La nueva etapa, por lo tanto, solo suma y mantiene intacta la fórmula: hablar sin destino prefijado, con el ánimo de hacer y hacerse reir. Sacar adelante nueve años un programa sin guion solo está al alcance de personas muy compenetradas la una con la otra, como es el caso de Buenafuente y Romero, o de Romero y Buenafuente. A pesar de que el estilo humorístico de cada uno es diferente, juntos hacen buena pareja porque los dos son buenos frontones de las ocurrencias del compañero. De saque, Buenafuente asumía el rol del payaso serio, ese que si las suelta (y las suelta) lo hace con el rostro imperturbable. Es un papel que tiene muy curtido tras hacer, durante años, de conductor de late shows y, por lo tanto, de ir administrando los diferentes colaboradores alocados que van desfilando por el programa, mientras él se hace el escandalizado. Romero es más clown, más imprevisible. Su humor ha digerido a la perfección una tradición española que va de Mortadelo y Filemón a Faemino y Cansado, en un mundo en el que los referentes americanos han acabado eclipsando los valores más locales.

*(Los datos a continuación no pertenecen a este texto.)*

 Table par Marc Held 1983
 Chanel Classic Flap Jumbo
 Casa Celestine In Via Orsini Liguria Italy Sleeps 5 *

A partir de aquí, lo que hay es un tono, una sensibilidad y un oficio. La improvisación mal entendida puede despeñarse fácilmente por el primer acantilado, si no hay nadie al volante que sea capaz de mantener cierto rumbo. Nadie sabe nada evita este riesgo, porque las horas y horas ante micrófonos y cámaras de los dos –el oficio– hace que el espectador sepa que quizás no llegará a ninguna parte en concreto, pero que el trayecto será entretenido –el tono– y con algún paisaje imprevisto a la vuelta de la esquina –la sensibilidad–. En este sentido, es uno de los formatos de humor más puro en cuanto que no intenta hacer sátira política, ni discurso confrontacional sobre los límites del humor. El programa ofrece, precisamente, la opción de desconectar del rum rum constante de la actualidad para dejarse llevar por el humor libre, gratuito en el mejor sentido del término, presentado con sumo cuidado desde el punto de vista formal. Porque, a pesar de que el show sea una improvisación, el nivel léxico y la riqueza a la hora de explicar situaciones son lo que separa Nadie sabe nada de la pléyade de iniciativas que se escudan en el hecho de improvisar por no asumir que el material presentado no es especialmente bueno. En el primer capítulo, Romero habla de haber recibido un golpe vez «en la testuz». Es solo un simple ejemplo de cómo la palabra adecuada da cuerpo y matiz.
Esta etapa televisada del Nadie sabe nada resulta también interesante desde un punto de vista del posicionamiento de las plataformas, porque se trata del primer movimiento de HBO Max en España para ampliar su perímetro. Si hasta ahora el catálogo estaba circunscrito a series, películas, especiales de comedia y documentales, ahora se añade el primer programa de entretenimiento. Que lo haga con un formato de prestigio, con la autoría de Buenafuente y Romero detrás, acaba resultando toda una declaración de intenciones, allá donde otros han hecho apuestas más populistas, o próximas a los realities de la televisión convencional.
Al final, tras Nadie sabe nada hay una defensa de la autoría, que es una de las marcas de la casa de HBO. El programa, a lo largo de nueve años, ha ido creando su propio universo. Un día Buenafuente se equivocó y dijo Samanté en vez de Namasté y, desde entonces, es una de las múltiples bromas recurrentes del show. Igual pasa con las respectivas familias de ambos humoristas: a base de compartir pequeñas vivencias cotidianas, se ha creado ya un vínculo de proximidad inevitable. La capa televisiva que han ganado puede ser una buena herramienta para sumar una audiencia global al dúo catalán.